▶ **What needs to be done**
Take the entries below and reproduce exactly the portion that begins at the line containing "Q12 Portable 25W" and ends at the line containing "Заграждение за куче", keeping both ends, dropping pictures, and adding nothing else.

▶ **Records provided**
........

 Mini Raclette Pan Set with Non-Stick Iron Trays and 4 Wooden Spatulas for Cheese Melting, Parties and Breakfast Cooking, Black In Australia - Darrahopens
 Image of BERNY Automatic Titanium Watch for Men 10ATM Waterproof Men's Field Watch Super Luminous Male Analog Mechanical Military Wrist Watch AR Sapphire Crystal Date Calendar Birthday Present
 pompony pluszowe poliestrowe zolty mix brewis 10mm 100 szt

........

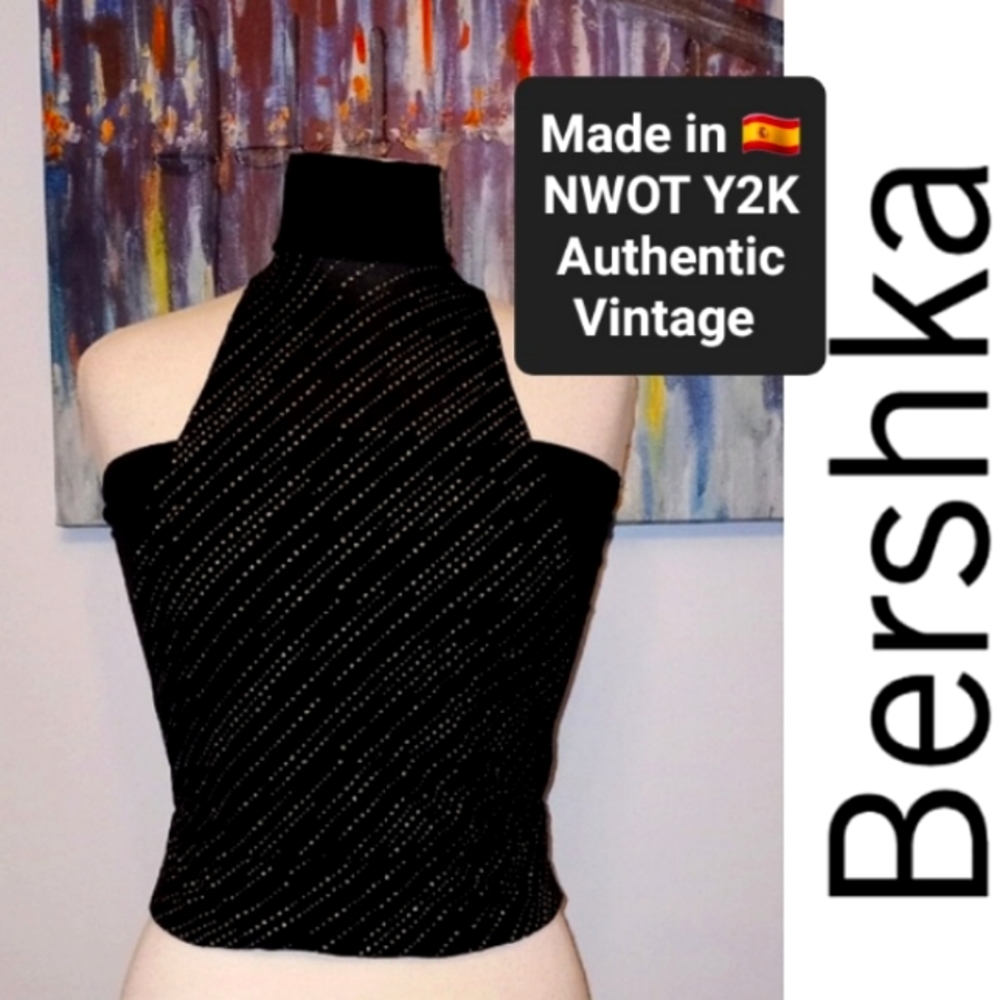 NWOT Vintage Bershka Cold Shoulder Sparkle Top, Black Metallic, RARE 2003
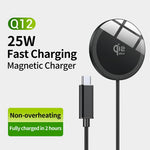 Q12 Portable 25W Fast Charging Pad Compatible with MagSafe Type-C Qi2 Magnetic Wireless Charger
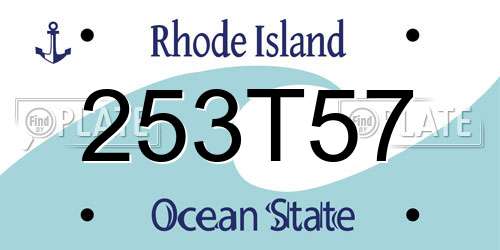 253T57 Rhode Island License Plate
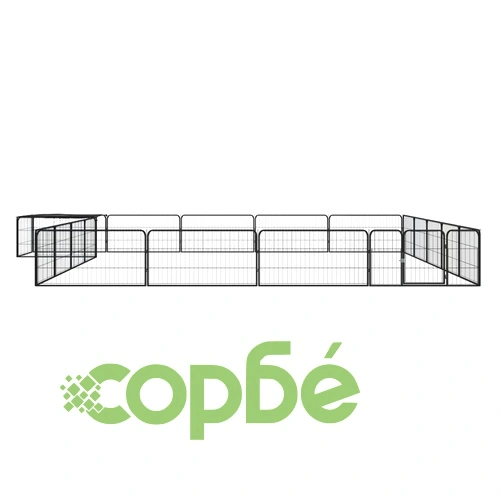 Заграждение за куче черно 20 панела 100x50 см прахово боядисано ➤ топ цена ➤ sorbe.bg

........

▶ **Output of the task**
 Q12 Portable 25W Fast Charging Pad Compatible with MagSafe Type-C Qi2 Magnetic Wireless Charger
 253T57 Rhode Island License Plate
 Заграждение за куче черно 20 панела 100x50 см прахово боядисано ➤ топ цена ➤ sorbe.bg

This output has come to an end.